9.         Mr. Abdul Wadud Bhuiyan, learned Senior Advocate, appearing on behalf of the appellants, submits that the High Court Division committed illegality in holding that there is no scope for obtaining the opinion of the handwriting expert at the appellate stage although appeal is the continuation of the suit and that defendant No.1 rightly prayed for additional evidence at the appellate stage and as such, the impugned judgment should be set aside. He further submits that the High Court Division came to the finding that defendant No.1 did not raise the question of genuineness of his signature on the ‘bainapatra’ at the trial and that no such issue was framed in the trial Court to that effect although defendant No.1 in his written statement in an unequivocal terms stated that his signature appearing on the ‘bainapatra’ was forged and as such, the impugned judgment should be set aside. He then submits that the P.Ws. could not prove execution and passing of consideration money and in such state of affairs, a suit for specific performance of contract could not be decreed.
 
10.       Mr. Mahbubey Alam, learned Senior Advocate appearing on behalf of respondent No.1, on the other hand, submits that the trial Court compared the signature of defendant No.1 appearing on the ‘bainapatra’ with his admitted signature according to the provision of section 73 of the Evidence Act and there was no scope for obtaining opinion of the handwriting expert at the appellate stage and as such, no interference is called for by this Division. He further submits that the grounds on which leave has been granted had already been addressed by the High Court Division and as such, the impugned judgment should not be set aside.
 
11.       We have considered the impugned judgment, the submissions of the learned Advocates and the papers incorporated in the paper book.
 
12.       Before addressing the submissions of the learned Advocates, it is necessary to quote the submissions on which leave was granted as under:
  1. The trial Court by order No.11 dated 23.03.2003 noticed about filing of an application by the defendant for expert opinion in respect of the signatures appearing in the ‘bainapatra’ and also directed the plaintiff to submit the disputed ‘bainapatra’ to the Court and the ‘bainapatra’ was filed on 31.03.2003 but the Court did not pass any order for examination of the signatures by an expert and without ascertaining the genuineness of the signature observed that the ‘bainapatra’ is genuine and in the face of such facts, the findings by the High Court Division that the defendant raised no question about the genuineness of the signature of the ‘bainapartra’ in the trial Court and raised the same for the first time before the Court of appeal below is misconceived, baseless and perverse.
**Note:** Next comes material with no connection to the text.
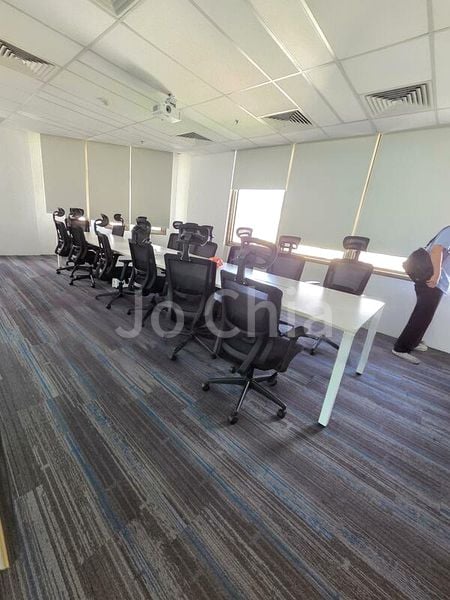 Office for Rent: Peninsula Plaza - Image 7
  2. The Court of appeal below found that the expert’s opinion obtained with modern scientific instrument disclosed that the signature of the defendant in the ‘bainapatra’ is false and forged and on the other hand, the P. Ws. could not prove that the defendant signed the ‘bainaparta’ nor could prove payment of the amount considera-tion to the defendant and with the findings the Court of appeal below reversed the finding of the trial Court and the High Court Division failed to show that these findings are perverse, baseless and illegal and therefore, the findings of the Court of appeal below being the findings of fact, these findings are binding upon the High Court Division. 
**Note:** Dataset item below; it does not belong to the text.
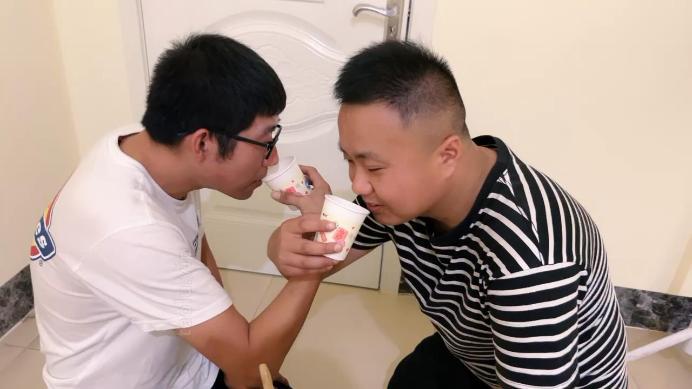 图片[9]_【孤傲女帝】双奴-舔脚/奴下奴抽耳光/sp/口水深喉/圣水_绳艺库视频下载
13.       It appears that by Order No.11 dated 23.03.2003 the trial Court noticed about filing of an application by defendant No.1 for expert’s opinion in respect of the signatures appearing on the ‘bainapatra’ and directed the plaintiff to submit the disputed ‘bainapatra’ to the Court and the ‘bianapatra’ was filed on 31.03.2003. But the trial Court did not pass any order for examination of the signatures by an expert and without ascertaining the genuineness of the signatures observed that the disputed ‘bainapatra’ was genuine.
 
14.       During pendency of the appeal, the defendant-appellant filed an application on 16.05.2004 praying for obtaining the opinion of handwriting expert to ascertain the genuineness of his signature appearing on the bainapatra dated 30.03.2002 with some of his admitted signatures. The said application was allowed. On 06.11.2004, the appellate Court received the opinion of the handwriting expert by a memo dated 05.10.2004. The order allowing the prayer for obtaining opinion of the handwriting expert was challenged before both the Divisions of this Court and was upheld. Because of the order of stay passed at different stages, the handwriting expert could not complete her deposition before the Court. On 11.06.2009, the hand writing expert completed her deposition.
 
15.       Having considered the opinion of the handwriting expert and the evidence of the P.Ws., the appellate Court came to a finding that the signature of defendant No.1 appearing on the ‘bainapatra’ was not genuine and that the plaintiff could not prove the bainapatra. 
 
16.       Mr. Abdul Wadud Bhuiyan, learned Advocate appearing on behalf of the appellants read out the depositions of the P.Ws. From the evidence of P.Ws.1, 2, 3 and 4, it appears that they did not state anything about execution of the ‘bainapatra’ by defendant No.1 in their evidence.
 
17.       What is important to note here is that execution consists in signing a document read out and understood and does not consist of merely signing a name upon a blank sheet of paper. To be executed a document must be in existence.       
 
18.       From the cross-examination of the handwriting expert, it appears that the plaintiff did not at all challenge the opinion of the handwriting expert. The plaintiff asked some questions to the handwriting expert without confronting her about the veracity of her opinion. Therefore, it appears that the plaintiff could not shake the credibility of the opinion of the handwriting expert.
 
19.       Mr. Abdul Wadud Bhuiyan, learned Advocate has drawn our attention to the fact that before filing of the suit for specific performance of contract, defendant No.1 filed a miscellaneous case for pre-emption against the plaintiff. He, therefore, submits that in view of the strained relationship between the parties, the question of entering into a contract by defendant No.1 with the plaintiff did not arise. This submission of the learned Advocate can not be brushed aside.
 
20.       The finding of the High Court Division that defendant No.1 did not challenge the genuineness of his signature on the ‘bainapatra’ in the trial Court is wrong as defendant No.1 in his written statement stated in no uncertain terms that he did not sign the ‘bainapatra’ and that his signature was forged in the bainapatra. Such being the state of affairs, the onus shifted on the plaintiff to show that defendant No.1, in fact, signed the bainapatra by obtaining the opinion of the handwriting expert. The High Court Division took serious exception to the appellate Court’s decision of obtaining opinion of the handwriting expert. It must be borne in mind that appeal is the continuation of the suit and the appellate Court has similar power like that of the trial Court and the appellate Court in appropriate cases can obtain additional evidence to come to a correct decision. By taking opinion of the handwriting expert, the appellate Court did not exceed its jurisdiction.
 
21.       The appellate Court being the final Court of fact came to a definite finding that the plaintiff could not prove the alleged contract and the High Court Division without reversing the findings of the appellate Court with reference to the evidence on record made the Rule absolute setting aside the judgment and decree of the appellate Court.
 
22.       In the light of the findings made before, we find that the impugned judgment and order passed by the High Court Division can not sustain in law.
 
23.       Accordingly, the appeal is allowed without any order as to costs.  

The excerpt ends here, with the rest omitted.